Apa yang saya tawarkan sebagai tulisan mungkin hanya dibaca sebagian orang dan itu tidak jadi masalah. Namun, akan menjadi masalah jika saya memilih ruwet dengan pikiran saya tanpa pernah membaginya.
—
Katanya pula, pencalonan ini dinilai dari keaktifan interaksi?
Duh, ini lebih parah lagi?
Saya tidak terlalu aktif menyapa sesama Kompasianer, sangat dikatakan jarang walau sekadar leave comment meskipun saya membaca secara tuntas artikel yang saya kehendaki untuk saya baca.
Saya siap jika ingin dikatakan sombong, biarpun saya tidak ada niat demikian; dalam keseharian pun saya tidak pandai berbasa-basi.

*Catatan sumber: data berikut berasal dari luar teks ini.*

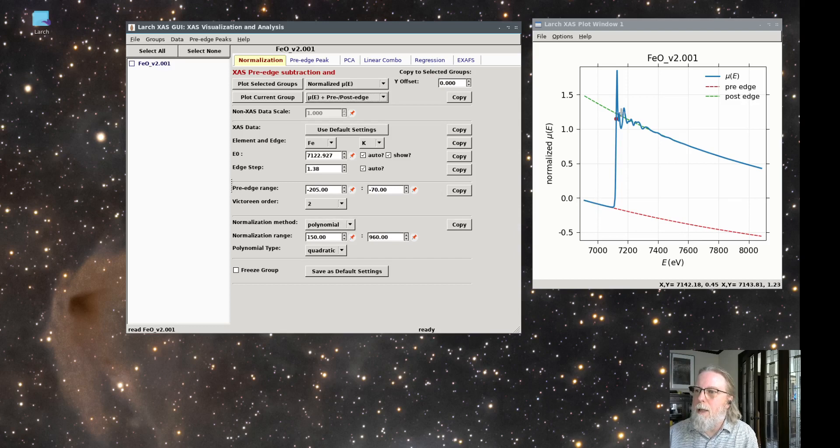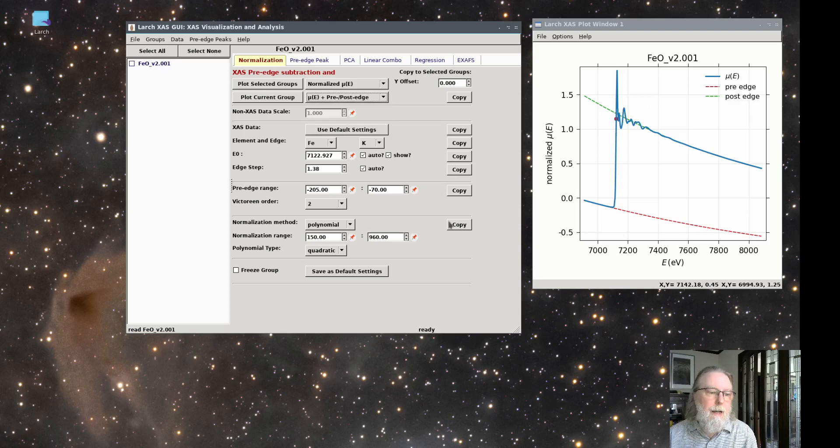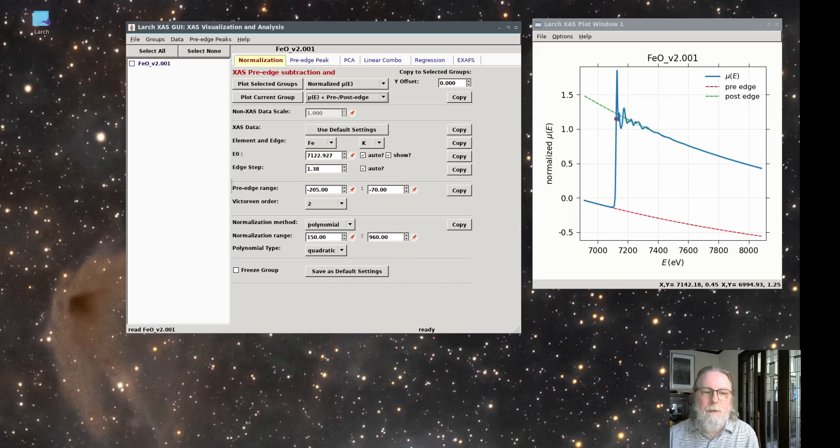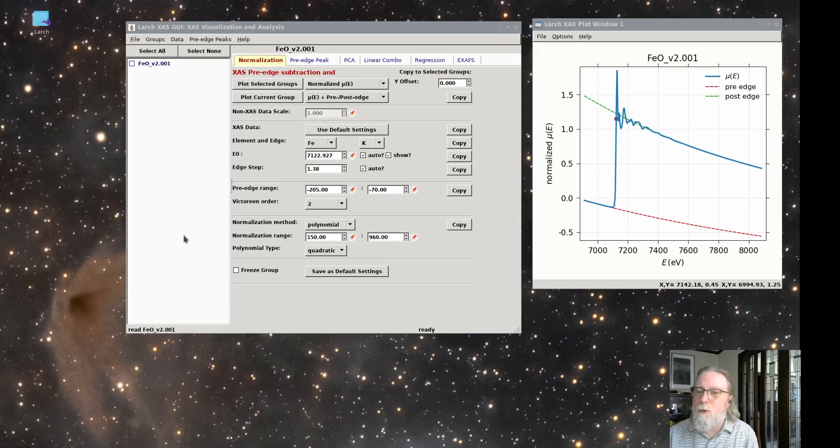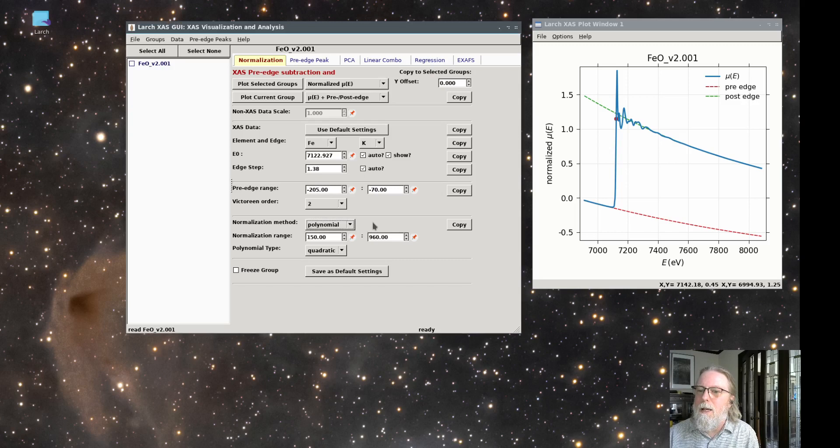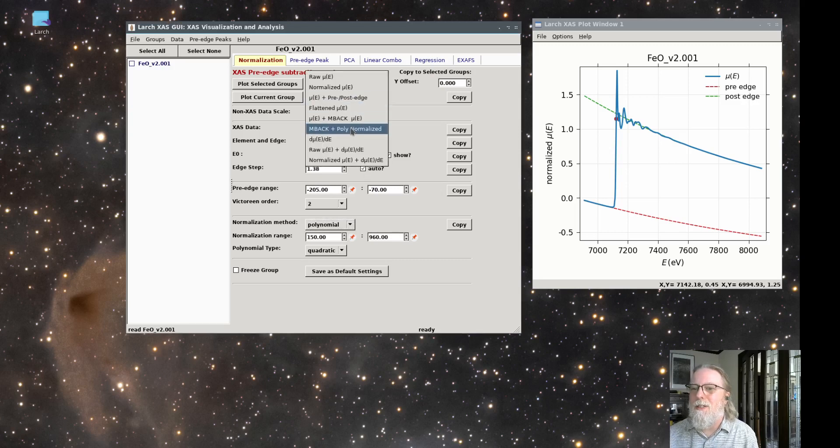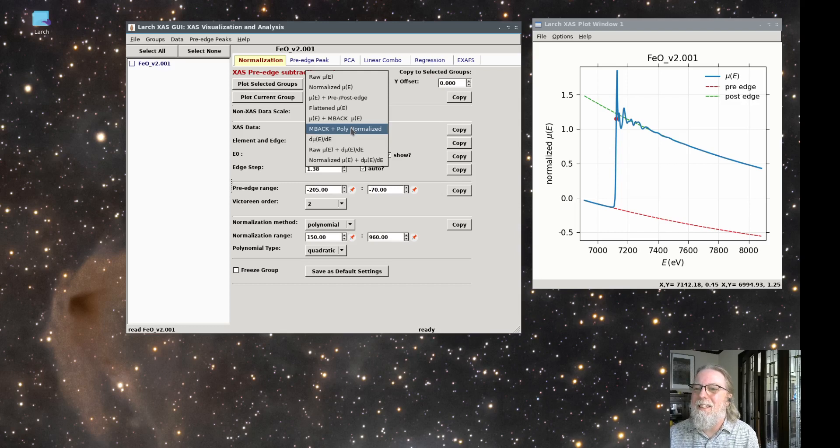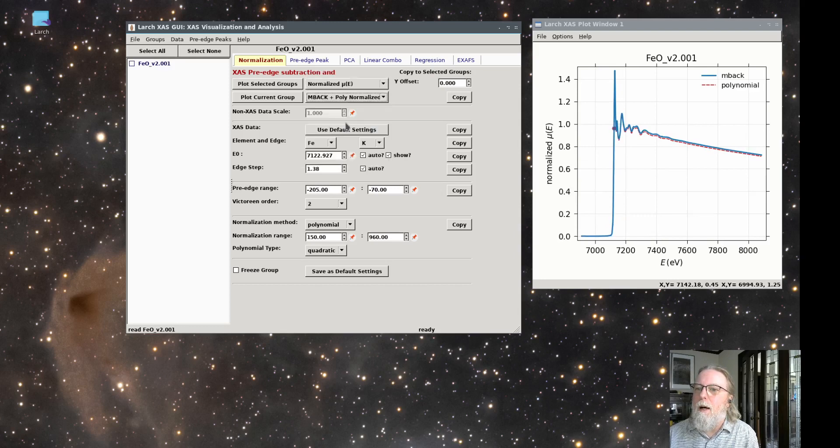For data with such a large energy range, that works pretty well. In fact, that's really why it's common to measure data below the edge extending out so far, is because this method requires it. But there's another approach, and that is to use the tabulated values for mu of E. That is the known values for how mu should decay. And this is based on the MBAC algorithm of Sushin Wen and other people in Jim Pennerhan's group. There's an MBAC paper. It's quite useful. And this method here for using MBAC is based on that work. And actually, if you use this, you should cite their work, not this.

Seorang teman pernah bilang saya adalah orang yang hanya bicara pada apa yang saya anggap penting, tapi suka mengamati pada hal-hal yang mungkin luput dari perhatian orang.
Batas di antara menjadi diri sendiri dan tuntutan untuk ramah dalam berkomunikasi terkadang menjadi ganjalan bagi sebagian orang, saya contohnya.